We Can Do Magic: Transforming an Abstract Network Visualization into a London Tube Map

By Michael J. Stamper, M.F.A.
Data Visualization Designer and Consultant for the Arts
Spring – Summer 2018

Once in a while a project comes along that really lets you explore the creative side of data visualization and design. When this project came across my desk, the client’s first request was to take a simple dataset consisting of 21 colleagues (all from the same department) here at Virginia Tech, and visualize each individual’s connections to each other through their contributions to a defined set of shared tasks (first image below). Visualizing this kind of network is easy, and can be done using Gephi, a freeware network visualization program, that is described as “the Photoshop™ of network visualization.”

To get started, the initial data set was cleaned, organized, and formatted to be rendered by Gephi. After a few built-in algorithmic applications, manual stretches, color adjustments, node size tweaks, and renders, I had my first few drafts of a visualization that I could send over to my clients for review and feedback before the process was started all over again to get a more refined visualization. In my experience, a visualization is usually not completely refined and as good as it can be without a few iterations and adjustments…there’s a design process involved in creating these that goes beyond the initial request for a simple visualization, that we see in subsequent figures.

You can see the first draft (render) of this abstract network on the right. It’s very basic. The network is there, colors indicating a loose degree of a “Betweeness Centrality” algorithm that I applied (and manually adjusted for clarity), node size is there indicating number of connections to colleagues, and edges (the lines connecting nodes) have a weight assigned to them by the number of tasks between individuals.

The figure to the right, displays the individuals as they were in alphabetical order.

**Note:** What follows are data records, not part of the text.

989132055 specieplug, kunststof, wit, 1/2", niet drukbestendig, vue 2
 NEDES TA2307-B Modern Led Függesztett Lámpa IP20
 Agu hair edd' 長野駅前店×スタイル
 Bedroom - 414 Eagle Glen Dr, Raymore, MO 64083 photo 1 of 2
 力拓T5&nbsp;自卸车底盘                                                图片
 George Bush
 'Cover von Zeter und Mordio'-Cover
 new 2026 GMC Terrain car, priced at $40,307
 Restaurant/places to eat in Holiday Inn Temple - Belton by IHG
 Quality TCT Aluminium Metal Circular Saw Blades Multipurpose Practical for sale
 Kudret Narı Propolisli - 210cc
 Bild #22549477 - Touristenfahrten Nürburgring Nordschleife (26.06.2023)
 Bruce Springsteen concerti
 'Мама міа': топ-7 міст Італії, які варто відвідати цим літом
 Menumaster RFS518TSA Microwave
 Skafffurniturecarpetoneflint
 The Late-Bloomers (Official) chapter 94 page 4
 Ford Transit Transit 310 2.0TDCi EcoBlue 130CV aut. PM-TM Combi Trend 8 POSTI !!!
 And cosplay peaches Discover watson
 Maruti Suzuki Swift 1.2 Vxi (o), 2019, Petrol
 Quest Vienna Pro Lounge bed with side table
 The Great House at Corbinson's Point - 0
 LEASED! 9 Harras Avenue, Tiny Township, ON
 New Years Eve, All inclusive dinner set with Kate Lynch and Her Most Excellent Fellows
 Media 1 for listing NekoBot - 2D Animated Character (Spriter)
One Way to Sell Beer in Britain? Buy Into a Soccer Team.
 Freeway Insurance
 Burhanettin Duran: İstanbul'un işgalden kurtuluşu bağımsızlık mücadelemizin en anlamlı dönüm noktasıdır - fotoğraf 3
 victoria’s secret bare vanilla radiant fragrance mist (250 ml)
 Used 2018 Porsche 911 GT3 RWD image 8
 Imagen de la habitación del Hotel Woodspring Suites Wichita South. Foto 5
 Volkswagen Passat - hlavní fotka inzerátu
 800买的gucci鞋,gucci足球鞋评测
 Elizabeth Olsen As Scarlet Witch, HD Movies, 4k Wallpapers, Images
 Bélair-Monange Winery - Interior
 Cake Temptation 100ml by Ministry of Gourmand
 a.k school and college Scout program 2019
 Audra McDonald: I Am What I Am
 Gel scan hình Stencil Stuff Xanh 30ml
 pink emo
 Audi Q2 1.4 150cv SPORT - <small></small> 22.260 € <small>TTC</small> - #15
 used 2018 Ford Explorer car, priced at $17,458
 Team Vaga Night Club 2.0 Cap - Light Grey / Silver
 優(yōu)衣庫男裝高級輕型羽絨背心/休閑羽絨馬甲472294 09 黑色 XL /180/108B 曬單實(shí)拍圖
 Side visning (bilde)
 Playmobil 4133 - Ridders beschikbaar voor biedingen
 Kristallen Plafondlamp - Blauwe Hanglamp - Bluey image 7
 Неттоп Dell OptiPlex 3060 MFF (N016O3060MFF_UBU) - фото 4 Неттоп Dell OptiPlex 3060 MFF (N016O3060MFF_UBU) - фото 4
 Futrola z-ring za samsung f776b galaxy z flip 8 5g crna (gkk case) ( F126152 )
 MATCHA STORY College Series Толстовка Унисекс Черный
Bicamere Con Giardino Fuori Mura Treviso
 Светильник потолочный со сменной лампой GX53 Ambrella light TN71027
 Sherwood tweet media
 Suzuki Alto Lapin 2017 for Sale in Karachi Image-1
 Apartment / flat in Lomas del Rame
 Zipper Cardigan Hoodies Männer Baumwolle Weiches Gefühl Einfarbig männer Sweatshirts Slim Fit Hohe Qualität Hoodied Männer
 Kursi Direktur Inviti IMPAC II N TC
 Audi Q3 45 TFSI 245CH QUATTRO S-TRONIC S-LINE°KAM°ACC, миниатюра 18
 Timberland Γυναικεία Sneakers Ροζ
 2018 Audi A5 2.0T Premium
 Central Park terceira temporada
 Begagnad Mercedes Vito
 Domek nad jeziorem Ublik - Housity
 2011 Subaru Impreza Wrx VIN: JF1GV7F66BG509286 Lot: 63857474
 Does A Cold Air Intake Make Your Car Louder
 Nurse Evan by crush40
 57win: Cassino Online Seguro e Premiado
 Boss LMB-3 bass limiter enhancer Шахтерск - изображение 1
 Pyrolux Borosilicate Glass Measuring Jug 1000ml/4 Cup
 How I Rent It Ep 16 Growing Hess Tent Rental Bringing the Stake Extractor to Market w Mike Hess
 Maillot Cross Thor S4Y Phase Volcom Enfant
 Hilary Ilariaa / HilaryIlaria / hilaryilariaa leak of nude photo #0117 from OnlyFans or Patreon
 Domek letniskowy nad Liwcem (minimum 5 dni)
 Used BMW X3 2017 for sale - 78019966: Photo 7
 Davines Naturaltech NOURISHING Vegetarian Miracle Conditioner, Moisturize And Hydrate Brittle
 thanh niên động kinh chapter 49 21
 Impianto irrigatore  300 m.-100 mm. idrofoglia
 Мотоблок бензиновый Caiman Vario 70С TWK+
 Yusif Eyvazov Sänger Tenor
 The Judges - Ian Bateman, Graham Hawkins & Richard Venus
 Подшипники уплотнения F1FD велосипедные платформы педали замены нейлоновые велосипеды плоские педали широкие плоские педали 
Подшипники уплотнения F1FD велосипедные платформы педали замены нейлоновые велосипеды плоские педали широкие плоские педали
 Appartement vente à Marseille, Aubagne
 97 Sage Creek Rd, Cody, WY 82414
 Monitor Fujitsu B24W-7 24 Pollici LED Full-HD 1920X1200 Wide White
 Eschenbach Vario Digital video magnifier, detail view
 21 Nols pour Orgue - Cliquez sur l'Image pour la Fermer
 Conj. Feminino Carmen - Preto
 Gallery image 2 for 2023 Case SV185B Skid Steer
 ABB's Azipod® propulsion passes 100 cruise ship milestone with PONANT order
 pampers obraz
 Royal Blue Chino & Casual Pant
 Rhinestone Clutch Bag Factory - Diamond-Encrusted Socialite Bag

This layout is simply showing us the range of node sizes, which as I mentioned before is based on number of connections to colleagues – not tasks. Basing the size on tasks would give us a result where some individuals with few connections to colleagues, would have a large node, which would give us a false visual reading, where these individuals seem more important than the individuals with many connections to colleagues. The parentheses after names indicate (#number of connections to colleagues) and (# of tasks).

A quick note about the labeling of tasks. Remember, there are five tasks; 1, 2, 3, 4, 5. You’ll see that the labels on the edges are not separated by commas. The reason behind this is because a comma separated value (CSV) file was used to render the edges and nodes in Gephi. If the label column had numerals separated by commas, then Gephi would get confused and create a visualization based off of all those numbers being separated edges, instead of assigned to a single edge, as seen here. This isn’t a problem to fix, in post processing using Adobe Illustrator™. You’ll also notice that nodes say “Person” now, instead of a name…they have names, but for this article, they need to be anonymized. You don’t need to see them anyway…this article is about visualization and design. 🙂

After this first render, my clients expressed that perhaps the straight Gephi visualization was still not as clear as they’d like, and that they were open to suggestions on how to refine it, be more engaging, and easier to use when communicating their work to their colleagues. I’ve always wanted to do a London Tube map-style visualization and this was the perfect opportunity to take my love for graphic, information, and transportation design (and London!) and apply them to a somewhat small network visualization.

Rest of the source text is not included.